If you’re like most Americans, you probably dread tax season. Filing your federal taxes can be a daunting task, and if you’re audited, it can be even worse. However, what if you think the IRS is wrong about your tax bill? What if you believe that they are trying to tax you unfairly? In this case, you may need to take legal action and bring your case before the U.S. tax court.
When should you bring your case before the tax court?
If you disagree with the IRS about your federal tax liability, you have the right to file a petition with the tax court. This is generally done after you have received a notice from the IRS about their proposed changes to your tax return. You must file your petition within 90 days of receiving this notice.
You may also file a petition if you believe that the IRS has improperly applied tax law, if you are trying to get a refund of an overpayment, or if you are challenging the IRS’s denial of an offer in compromise.
What should you bring to tax court?
When you file your petition, you will need to include a statement of facts, as well as any supporting tax litigation documentation. This may include federal tax returns, financial records and correspondence with the IRS. You will also need to file a tax court memorandum, which is a document that outlines your legal arguments.
How does tax court work?
Once your petition is filed, the tax court will schedule a hearing. At this hearing, both you and the IRS will present arguments.

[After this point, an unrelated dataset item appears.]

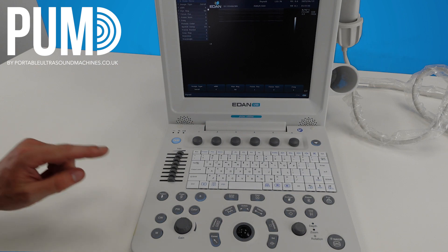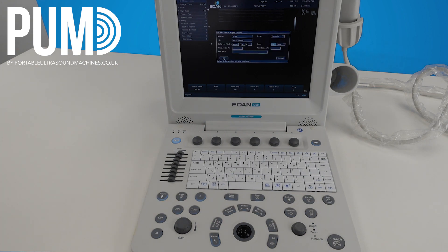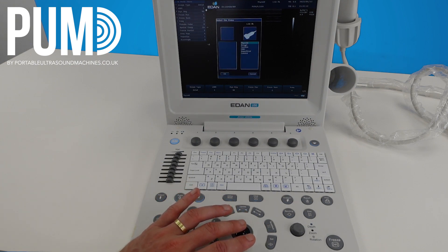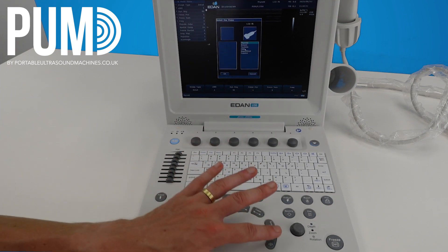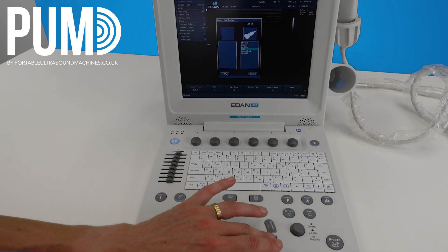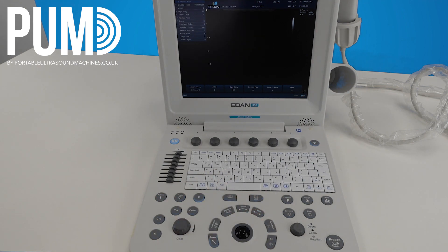To start an exam we would hit the patient button to bring up our patient data input box. I've already got patient data in here but normally this would appear blank and you just type in the patient details and when you're happy select OK. Depending on what mode you're in or what transducer you've got connected, you want to hit probe and just make sure you've selected the most suitable preset for the scan you're doing. So you might want to choose an MSK preset depending on what scan you're doing, then click OK. I recommend doing this at the start of every exam just to make sure you're definitely in the right preset.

The tax court may also ask for additional information or clarification. After considering all of the evidence, the tax court will issue a ruling. If you win your case, the tax court will generally order the IRS to adjust your tax bill accordingly.
Federal tax problems can be complex and confusing, but you don’t have to go through them alone. If you think the IRS is wrong about your tax bill, you may be able to take legal action and bring your case before the U.S. tax court and get any relief you deserve.